Present throughout the Eurocentric viewpoint is the assumption of a high degree of authority over surrounding events and phenomena. This authoritative position confers upon one the ability to ‘uncover’ the perceived ‘mysteries’ of the Orient and Oriental life as if they were mere codes to be cracked or puzzles to be solved. Said characterizes this drive to discover as an essential belief in one’s ability to ‘exteriorize’ the Orient, to make the Orient plain for ‘all’ to see, an attitude typified by the noted Orientalist, Silvestre de Sacy:

In Sacy’s pages on Orientalism—as elsewhere in his writing—he speaks of his own work as having uncovered, brought to light, rescued a vast amount of obscure matter. Why? In order to place it before the student. For like all his learned contemporaries Sacy considered a learned work a positive addition to an edifice that all scholars erected together. Knowledge was essentially the making visible of material… The result was the production of material about the Orient, methods for studying it, and exempla that even Orientals did not have.

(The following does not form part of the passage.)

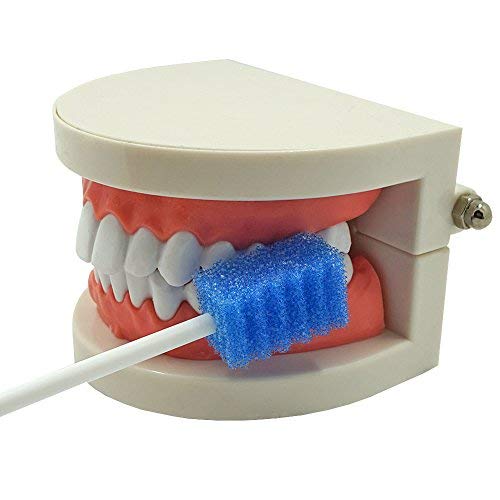 Oral Care Swabs Disposable- Blue 100 Counts - Image 9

This passage also serves to illustrate the inherent self-reflexivity of the Eurocentric perspective. Implicit in such an attitude is the assumption that once people’s behaviour can be made known, it can be predicted; and what can be predicted, can be controlled. Such knowledge is nothing if not practical, for it implicitly prescribes the adoption of certain technical solutions that, ultimately, will come to act upon human beings.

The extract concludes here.